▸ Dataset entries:
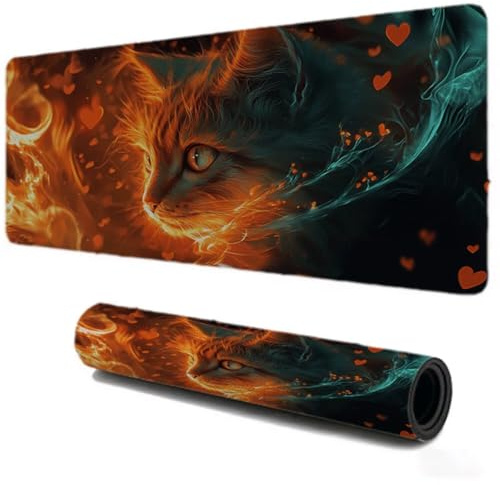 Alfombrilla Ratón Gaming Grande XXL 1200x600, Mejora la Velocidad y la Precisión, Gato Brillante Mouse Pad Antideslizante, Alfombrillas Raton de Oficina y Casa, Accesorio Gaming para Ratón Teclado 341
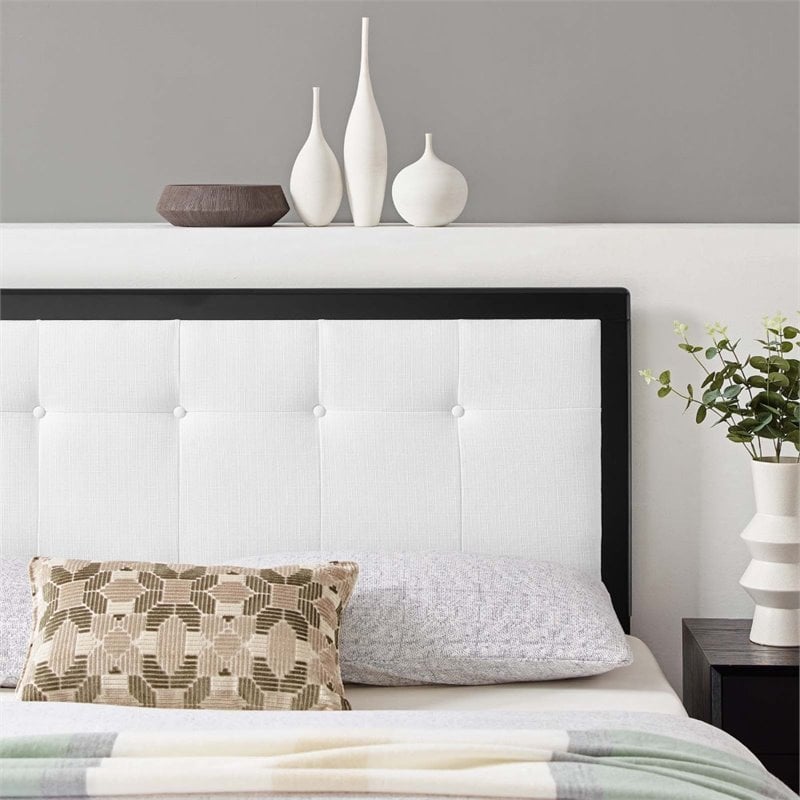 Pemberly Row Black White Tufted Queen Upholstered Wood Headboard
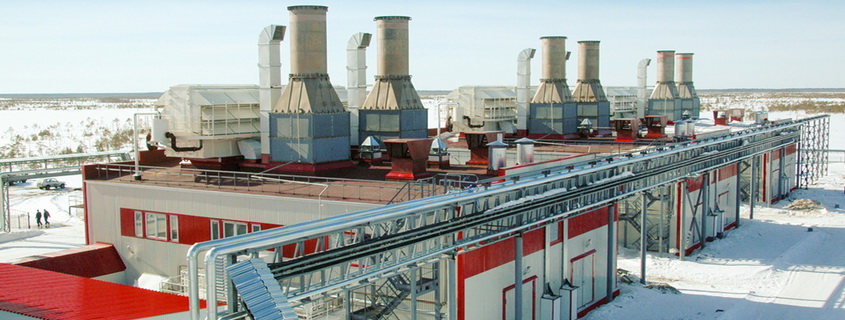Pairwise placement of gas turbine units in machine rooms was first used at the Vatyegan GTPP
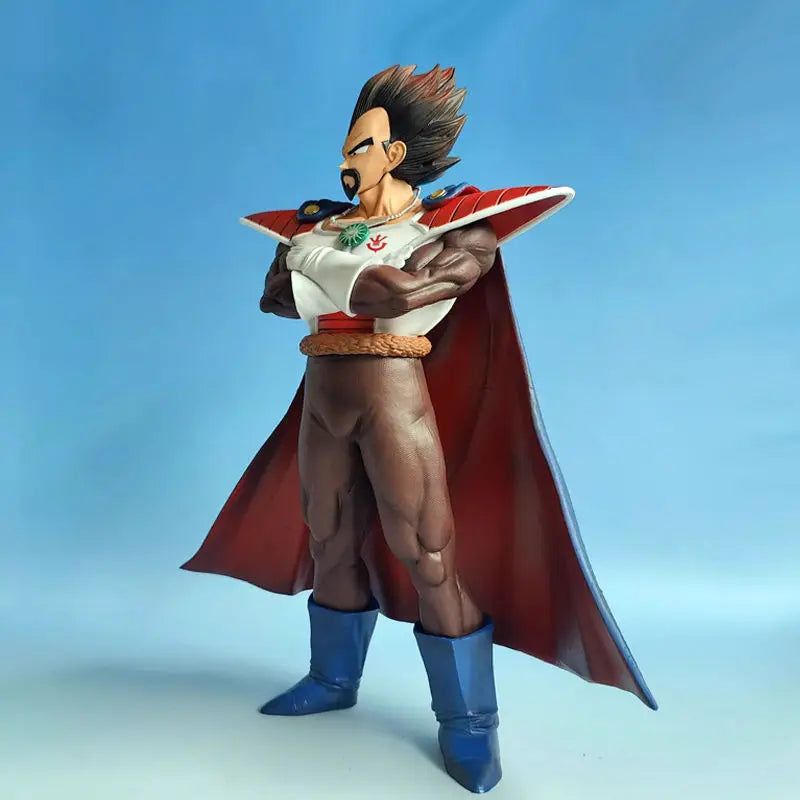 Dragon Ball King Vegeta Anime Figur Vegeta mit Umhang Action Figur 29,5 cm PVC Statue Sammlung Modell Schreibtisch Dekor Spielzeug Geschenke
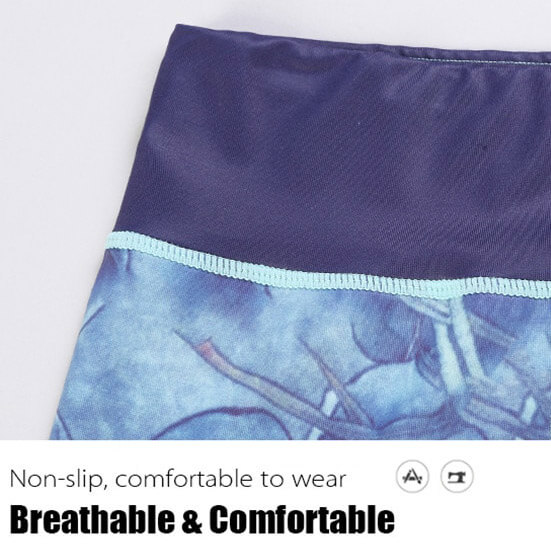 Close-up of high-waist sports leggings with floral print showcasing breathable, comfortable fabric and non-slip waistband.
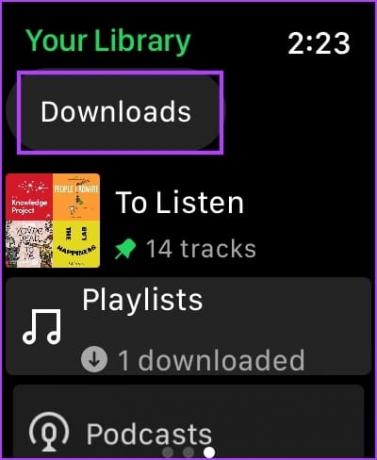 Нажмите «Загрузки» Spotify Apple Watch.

▸ TASK PROMPT:
With the pictures left out, please output each line from the one containing "Pemberly Row Black" through the end of the entries, exactly as it is.

▸ FINISHED EXERCISE:
 Pemberly Row Black White Tufted Queen Upholstered Wood Headboard
Pairwise placement of gas turbine units in machine rooms was first used at the Vatyegan GTPP
 Dragon Ball King Vegeta Anime Figur Vegeta mit Umhang Action Figur 29,5 cm PVC Statue Sammlung Modell Schreibtisch Dekor Spielzeug Geschenke
 Close-up of high-waist sports leggings with floral print showcasing breathable, comfortable fabric and non-slip waistband.
 Нажмите «Загрузки» Spotify Apple Watch.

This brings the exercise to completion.